Por esse mesmo refúgio de Tijuana passou no começo de maio parte da chamada caravana imigrante, um grupo de 400 pessoas que chegaram juntas da América Central. Fizeram o mesmo que centenas de pessoas a cada dia, expor seu caso na guarita e pedir asilo. Alex Mensing, assessor legal e coordenador do mencionado grupo de imigrantes, afirma que em seis casos as crianças foram separadas de seus pais sem explicação por parte da polícia de imigração. Uma das razões para isso pode ser que a polícia acredite que não sejam uma família real (um protocolo para descobrir coyotestraficantes de pessoas – que estejam fazendo isso com crianças). “Todos estavam com certidões de nascimento das crianças e declarações juramentadas”, afirma Mensing. A quantidade de famílias separadas após entrar ilegalmente é incomum, afirma.

A margem de interpretação das leis de asilo e de imigração é muito ampla, e o Governo dos Estados Unidos está decidido a reduzir essa discricionariedade obrigando a aplicar sempre a possibilidade mais restritiva. “Não há nenhuma garantia de que essas famílias de Tijuana não sejam separadas”, diz Alex Mensing, apesar de entrarem no país exatamente como Jeff Sessions pediu-lhes que o façam.

Humberto Solán e suas três filhas, na segunda-feira em Tijuana.
Humberto Solán e suas três filhas, na segunda-feira em Tijuana.P. X. S.

Mesmo se a separação não for definitiva e eventualmente a família se reunir, devem saber que os adultos podem ficar “de 8 a 10 meses” presos esperando uma decisão enquanto as crianças ficam separadas sob a custódia dos serviços sociais. Há quem não suporta e pede que seja deportado, afirma. Da caravana que entrou em 5 de maio, 50 adultos continuam presos e separados de seus filhos.
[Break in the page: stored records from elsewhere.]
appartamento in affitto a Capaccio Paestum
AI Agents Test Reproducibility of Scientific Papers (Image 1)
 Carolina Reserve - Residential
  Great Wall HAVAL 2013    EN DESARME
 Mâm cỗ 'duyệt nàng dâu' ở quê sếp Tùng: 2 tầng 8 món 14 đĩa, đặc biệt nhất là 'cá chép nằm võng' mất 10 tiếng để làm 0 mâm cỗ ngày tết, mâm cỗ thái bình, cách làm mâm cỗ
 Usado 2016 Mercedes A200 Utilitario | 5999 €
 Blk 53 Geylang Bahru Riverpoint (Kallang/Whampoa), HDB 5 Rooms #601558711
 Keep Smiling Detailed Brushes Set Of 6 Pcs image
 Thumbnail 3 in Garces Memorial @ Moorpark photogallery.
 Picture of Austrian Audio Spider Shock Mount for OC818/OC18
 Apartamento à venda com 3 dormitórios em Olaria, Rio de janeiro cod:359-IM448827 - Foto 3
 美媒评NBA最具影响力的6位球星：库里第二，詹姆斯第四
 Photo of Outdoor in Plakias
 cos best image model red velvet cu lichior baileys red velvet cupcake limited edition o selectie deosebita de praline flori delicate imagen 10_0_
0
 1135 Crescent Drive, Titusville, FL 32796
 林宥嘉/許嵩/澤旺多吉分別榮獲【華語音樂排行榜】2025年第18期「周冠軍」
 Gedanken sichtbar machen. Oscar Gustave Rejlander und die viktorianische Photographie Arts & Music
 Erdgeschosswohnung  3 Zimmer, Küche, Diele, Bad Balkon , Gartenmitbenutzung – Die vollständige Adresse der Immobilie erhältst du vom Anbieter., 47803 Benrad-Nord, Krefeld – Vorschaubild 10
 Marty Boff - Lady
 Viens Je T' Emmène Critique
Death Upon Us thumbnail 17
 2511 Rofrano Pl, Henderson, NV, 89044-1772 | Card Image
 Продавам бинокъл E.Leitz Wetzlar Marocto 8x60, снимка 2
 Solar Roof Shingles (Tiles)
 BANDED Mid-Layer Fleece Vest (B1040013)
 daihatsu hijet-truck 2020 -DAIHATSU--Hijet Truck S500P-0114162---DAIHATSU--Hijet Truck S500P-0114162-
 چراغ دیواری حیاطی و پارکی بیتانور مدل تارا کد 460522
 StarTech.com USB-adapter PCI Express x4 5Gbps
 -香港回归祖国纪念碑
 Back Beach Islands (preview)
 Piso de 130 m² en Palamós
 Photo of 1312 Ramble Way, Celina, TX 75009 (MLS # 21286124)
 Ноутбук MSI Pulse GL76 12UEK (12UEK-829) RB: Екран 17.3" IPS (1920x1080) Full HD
As histórias dos imigrantes revelam pelo menos dois fatores que fazem com que a dissuasão não funcione. Primeiro, que alguns realmente passam com seus filhos e ficam juntos. E mandam fotos ao outro lado que enchem de esperança os demais. A outra, que tudo o que fica para trás é pior. Carmen, que leva em seus braços sua filha Amber, de 10 meses, fugiu de seu bairro de San Salvador porque um membro da quadrilha Mara 18 colocou seus olhos nela e a ameaçou de morte caso não cedesse aos seus caprichos. Está em Tijuana com seu marido, Josué, e seus três filhos para pedir asilo. Ela ouviu sobre a política de Trump. “Não me faz mudar de opinião. Se meus filhos ficarem lá (e ela for deportada) tenho a esperança de voltar a vê-los. Em meu país só a morte me espera”.

“A grande maioria sabe”, da separação das famílias, diz José María García Lara, diretor do albergue. “Apesar disso, têm a intenção de atravessar”. Até os que sabem que seu caso não dá direito a nenhuma proteção e se afastam de Tijuana por muitos quilômetros para tentar entrar ilegalmente. “Eles se importam mais pela necessidade de segurança que têm do que o que pode acontecer-lhes. Eu estou resignado. É assim. Imagine que sua família estivesse em risco, essa seria a forma lógica de pensar de qualquer um”.

Como diz Alex Mensing, a dissuasão “funcionaria se pudéssemos fazer coisas a eles que fossem piores do que aquilo de que estão fugindo. Mas então, o que queremos ser? Piores do que as quadrilhas?”.